El atentado contra el bus de Concorde no es un hecho aislado. Las autoridades han advertido sobre un incremento de acciones armadas e intimidaciones en vías que conectan a Santander, Norte de Santander y Arauca, regiones donde históricamente han operado estructuras guerrilleras y grupos armados ilegales.

El caso más reciente ocurrió el pasado 6 de mayo, cuando otro vehículo de la misma empresa fue interceptado en circunstancias similares mientras cubría la ruta entre Cúcuta y Bogotá.
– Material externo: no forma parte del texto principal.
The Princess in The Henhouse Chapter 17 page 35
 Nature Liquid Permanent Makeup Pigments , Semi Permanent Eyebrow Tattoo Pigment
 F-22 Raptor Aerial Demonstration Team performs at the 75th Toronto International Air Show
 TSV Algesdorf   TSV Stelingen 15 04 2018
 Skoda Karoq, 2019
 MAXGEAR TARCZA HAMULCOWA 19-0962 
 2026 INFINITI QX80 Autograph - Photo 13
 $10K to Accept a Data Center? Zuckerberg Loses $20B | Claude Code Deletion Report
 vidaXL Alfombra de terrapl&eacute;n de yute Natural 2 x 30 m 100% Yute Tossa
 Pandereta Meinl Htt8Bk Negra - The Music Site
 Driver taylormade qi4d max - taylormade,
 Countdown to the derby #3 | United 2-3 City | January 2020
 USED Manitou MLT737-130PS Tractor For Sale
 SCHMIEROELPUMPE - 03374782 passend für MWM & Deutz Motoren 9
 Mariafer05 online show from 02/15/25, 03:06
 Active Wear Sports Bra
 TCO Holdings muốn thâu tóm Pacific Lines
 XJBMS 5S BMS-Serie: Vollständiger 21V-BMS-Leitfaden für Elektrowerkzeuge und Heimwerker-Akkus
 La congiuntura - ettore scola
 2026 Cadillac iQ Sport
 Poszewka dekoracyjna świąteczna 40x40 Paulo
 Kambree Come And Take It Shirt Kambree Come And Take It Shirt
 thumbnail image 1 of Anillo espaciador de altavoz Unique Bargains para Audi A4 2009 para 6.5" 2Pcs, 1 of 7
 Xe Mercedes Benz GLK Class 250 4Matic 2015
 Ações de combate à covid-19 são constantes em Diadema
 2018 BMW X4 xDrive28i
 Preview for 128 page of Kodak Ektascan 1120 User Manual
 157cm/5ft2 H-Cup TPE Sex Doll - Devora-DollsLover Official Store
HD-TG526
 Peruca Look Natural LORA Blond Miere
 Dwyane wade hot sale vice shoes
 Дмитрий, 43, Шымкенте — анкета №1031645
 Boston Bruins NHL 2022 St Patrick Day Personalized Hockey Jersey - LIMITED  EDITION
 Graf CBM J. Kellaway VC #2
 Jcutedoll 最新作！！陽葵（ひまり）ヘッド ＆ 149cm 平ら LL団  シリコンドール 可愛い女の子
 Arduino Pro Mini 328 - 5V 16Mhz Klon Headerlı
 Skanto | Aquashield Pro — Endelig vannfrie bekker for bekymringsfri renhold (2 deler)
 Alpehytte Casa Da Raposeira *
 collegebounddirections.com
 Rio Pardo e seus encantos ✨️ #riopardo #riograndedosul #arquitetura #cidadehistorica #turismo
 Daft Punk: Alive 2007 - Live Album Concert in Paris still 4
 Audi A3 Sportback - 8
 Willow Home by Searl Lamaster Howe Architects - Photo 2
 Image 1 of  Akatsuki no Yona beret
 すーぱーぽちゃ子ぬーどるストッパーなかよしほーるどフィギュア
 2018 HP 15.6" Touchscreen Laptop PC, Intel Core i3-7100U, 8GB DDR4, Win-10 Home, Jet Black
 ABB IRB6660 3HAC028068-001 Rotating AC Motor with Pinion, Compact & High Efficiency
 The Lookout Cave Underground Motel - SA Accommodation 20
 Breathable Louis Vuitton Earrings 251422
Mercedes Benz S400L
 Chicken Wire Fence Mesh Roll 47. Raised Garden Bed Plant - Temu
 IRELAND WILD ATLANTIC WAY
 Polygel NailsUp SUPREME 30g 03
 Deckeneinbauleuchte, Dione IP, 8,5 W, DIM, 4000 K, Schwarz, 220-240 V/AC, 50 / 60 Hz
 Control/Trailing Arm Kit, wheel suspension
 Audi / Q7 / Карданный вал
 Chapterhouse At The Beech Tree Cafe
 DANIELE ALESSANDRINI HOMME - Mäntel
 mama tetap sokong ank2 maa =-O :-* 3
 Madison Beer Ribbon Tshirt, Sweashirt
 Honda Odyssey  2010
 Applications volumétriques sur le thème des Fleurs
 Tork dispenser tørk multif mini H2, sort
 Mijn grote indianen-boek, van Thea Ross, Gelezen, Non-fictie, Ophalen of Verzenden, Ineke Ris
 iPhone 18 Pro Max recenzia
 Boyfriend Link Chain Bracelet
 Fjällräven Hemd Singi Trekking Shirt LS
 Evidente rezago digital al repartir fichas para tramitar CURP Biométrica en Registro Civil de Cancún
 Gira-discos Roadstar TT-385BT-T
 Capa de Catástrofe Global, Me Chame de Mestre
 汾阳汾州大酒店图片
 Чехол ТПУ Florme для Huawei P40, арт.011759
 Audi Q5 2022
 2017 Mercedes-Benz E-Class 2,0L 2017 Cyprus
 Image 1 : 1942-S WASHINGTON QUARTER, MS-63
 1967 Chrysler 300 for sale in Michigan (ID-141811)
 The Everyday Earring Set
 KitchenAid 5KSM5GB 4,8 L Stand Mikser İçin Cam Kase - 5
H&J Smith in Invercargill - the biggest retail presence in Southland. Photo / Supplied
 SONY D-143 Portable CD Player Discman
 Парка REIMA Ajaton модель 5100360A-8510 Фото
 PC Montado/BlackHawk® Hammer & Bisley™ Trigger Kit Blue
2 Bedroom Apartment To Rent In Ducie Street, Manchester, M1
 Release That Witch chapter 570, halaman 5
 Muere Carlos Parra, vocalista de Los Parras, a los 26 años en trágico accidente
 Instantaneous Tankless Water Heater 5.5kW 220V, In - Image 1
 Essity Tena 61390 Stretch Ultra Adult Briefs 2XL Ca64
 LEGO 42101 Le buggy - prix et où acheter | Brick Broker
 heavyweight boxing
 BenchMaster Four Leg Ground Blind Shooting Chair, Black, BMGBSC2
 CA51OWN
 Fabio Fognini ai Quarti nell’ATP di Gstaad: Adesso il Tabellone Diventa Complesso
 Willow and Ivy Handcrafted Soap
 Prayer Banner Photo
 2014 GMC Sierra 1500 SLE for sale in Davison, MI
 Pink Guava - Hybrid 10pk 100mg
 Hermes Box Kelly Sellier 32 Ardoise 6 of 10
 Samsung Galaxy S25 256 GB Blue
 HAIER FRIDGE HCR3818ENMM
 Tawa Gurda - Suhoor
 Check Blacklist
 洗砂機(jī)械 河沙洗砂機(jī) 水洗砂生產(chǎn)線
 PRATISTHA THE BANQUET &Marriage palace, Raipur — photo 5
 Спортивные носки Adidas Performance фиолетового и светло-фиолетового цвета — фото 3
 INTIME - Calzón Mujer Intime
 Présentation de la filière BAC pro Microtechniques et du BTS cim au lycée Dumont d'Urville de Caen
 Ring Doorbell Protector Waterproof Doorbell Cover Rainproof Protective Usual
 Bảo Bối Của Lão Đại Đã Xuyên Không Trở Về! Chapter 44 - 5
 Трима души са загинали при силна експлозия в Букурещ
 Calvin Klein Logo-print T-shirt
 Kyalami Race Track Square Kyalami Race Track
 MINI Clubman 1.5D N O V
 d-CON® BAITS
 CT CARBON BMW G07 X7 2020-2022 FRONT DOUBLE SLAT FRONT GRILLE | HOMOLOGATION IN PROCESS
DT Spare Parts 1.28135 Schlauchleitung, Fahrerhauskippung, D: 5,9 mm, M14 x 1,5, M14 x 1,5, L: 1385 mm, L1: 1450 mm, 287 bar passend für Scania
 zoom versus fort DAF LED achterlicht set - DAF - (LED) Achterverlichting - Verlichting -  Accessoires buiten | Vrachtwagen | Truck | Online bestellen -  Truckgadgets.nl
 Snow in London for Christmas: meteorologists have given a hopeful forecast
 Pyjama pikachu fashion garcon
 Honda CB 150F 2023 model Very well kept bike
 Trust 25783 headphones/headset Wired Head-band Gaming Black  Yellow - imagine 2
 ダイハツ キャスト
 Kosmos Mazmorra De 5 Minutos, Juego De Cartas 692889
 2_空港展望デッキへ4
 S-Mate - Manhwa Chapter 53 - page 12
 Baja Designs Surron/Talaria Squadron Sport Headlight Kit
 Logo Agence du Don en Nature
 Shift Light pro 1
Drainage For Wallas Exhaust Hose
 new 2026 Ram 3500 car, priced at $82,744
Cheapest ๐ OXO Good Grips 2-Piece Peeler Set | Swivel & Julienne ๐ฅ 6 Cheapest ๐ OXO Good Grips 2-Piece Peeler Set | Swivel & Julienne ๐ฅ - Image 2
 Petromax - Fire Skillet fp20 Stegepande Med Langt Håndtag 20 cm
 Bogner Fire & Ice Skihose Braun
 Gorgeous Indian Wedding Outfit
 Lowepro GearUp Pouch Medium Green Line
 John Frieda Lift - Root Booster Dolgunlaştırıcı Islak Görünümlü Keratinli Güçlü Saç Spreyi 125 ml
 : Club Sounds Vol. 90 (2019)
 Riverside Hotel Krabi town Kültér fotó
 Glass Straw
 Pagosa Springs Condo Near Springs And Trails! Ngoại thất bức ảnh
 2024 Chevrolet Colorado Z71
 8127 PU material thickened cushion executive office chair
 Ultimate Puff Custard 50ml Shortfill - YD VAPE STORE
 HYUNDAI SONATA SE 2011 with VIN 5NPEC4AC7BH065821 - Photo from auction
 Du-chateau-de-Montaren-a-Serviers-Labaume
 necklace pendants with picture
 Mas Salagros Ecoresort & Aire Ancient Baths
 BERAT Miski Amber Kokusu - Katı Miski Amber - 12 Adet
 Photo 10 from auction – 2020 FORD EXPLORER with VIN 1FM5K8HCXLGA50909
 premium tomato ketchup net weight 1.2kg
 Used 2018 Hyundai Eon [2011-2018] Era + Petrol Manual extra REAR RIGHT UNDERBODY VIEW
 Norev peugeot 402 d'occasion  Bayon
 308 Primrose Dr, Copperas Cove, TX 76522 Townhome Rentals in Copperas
En esa ocasión, cuatro hombres armados que se movilizaban en motocicletas obligaron a los pasajeros a descender del bus antes de incendiarlo.

Ese mismo día, las autoridades hallaron el cuerpo sin vida de un hombre con impactos de bala en el pecho en la misma zona, un hecho que incrementó las alertas de seguridad en el corredor vial.

La reiteración de ataques ha llevado a transportadores y comunidades a denunciar el deterioro de las condiciones de seguridad en la región. Conductores de servicio público aseguran que la situación genera temor permanente entre quienes deben transitar diariamente por estas carreteras.

Además del riesgo para la vida de pasajeros y conductores, las empresas transportadoras advierten que estos hechos afectan la movilidad, el comercio y el abastecimiento entre Santander y Norte de Santander, especialmente en rutas consideradas fundamentales para la conexión entre el centro y el oriente del país.

Refuerzan seguridad y ofrecen recompensa por cabecillas

Tras el nuevo ataque, la Gobernación de Santander anunció el fortalecimiento de los operativos militares y policiales en corredores considerados de alto riesgo, especialmente en zonas de influencia del ELN como Barrancabermeja, la provincia de García Rovira y el municipio de Coromoro.

Las autoridades departamentales también confirmaron una recompensa de hasta 50 millones de pesos por información que permita identificar y capturar a cabecillas del ELN y de las Autodefensas Conquistadoras de la Sierra que tengan presencia o influencia criminal en el departamento.

Según explicó el secretario del Interior, se mantiene un monitoreo permanente sobre las amenazas que enfrentan las comunidades y las empresas de transporte.

“Se mantiene un monitoreo permanente para anticiparse a cualquier amenaza contra la seguridad ciudadana y evitar la expansión de grupos armados en el territorio”, indicó Hernández Durán.

Mientras tanto, organismos de inteligencia intentan establecer qué estructura específica del ELN estaría detrás de la quema de vehículos y de las intimidaciones contra empresas transportadoras que operan en el corredor Málaga–Pamplona.

La Fuerza Pública ha intensificado los patrullajes en puntos estratégicos de la región con el objetivo de garantizar la movilidad y prevenir nuevos ataques. Sin embargo, transportadores consideran que la situación sigue siendo crítica y reclaman una presencia estatal más contundente en las carreteras nacionales.

Preocupación por el impacto sobre la movilidad y la población civil

El recrudecimiento de estos ataques ocurre en medio de un panorama de creciente tensión por las acciones armadas en varias regiones del país. Expertos en seguridad advierten que las vías nacionales se han convertido nuevamente en escenarios de presión y demostración de poder por parte de grupos armados ilegales.

En el caso de Santander y Norte de Santander, la ubicación estratégica de corredores como la vía Málaga–Pamplona los convierte en puntos clave para la movilidad comercial y el transporte interdepartamental. Por ello, cualquier alteración en estas rutas tiene efectos directos sobre la economía regional y la tranquilidad de las comunidades.

Las empresas transportadoras han solicitado mayores garantías para continuar operando en la zona, mientras pasajeros y habitantes expresan preocupación frente a la posibilidad de nuevos ataques armados en las carreteras.

Aunque hasta el momento no se reportan capturas relacionadas con estos hechos, las autoridades aseguraron que continúan las investigaciones para identificar a los responsables y determinar si existe una estrategia coordinada de intimidación contra el transporte público en el nororiente colombiano.

Por ahora, el incendio del bus en la vía Málaga–Pamplona se suma a una cadena de hechos violentos que mantienen en alerta a las autoridades y evidencian los desafíos de seguridad que persisten en corredores estratégicos del país.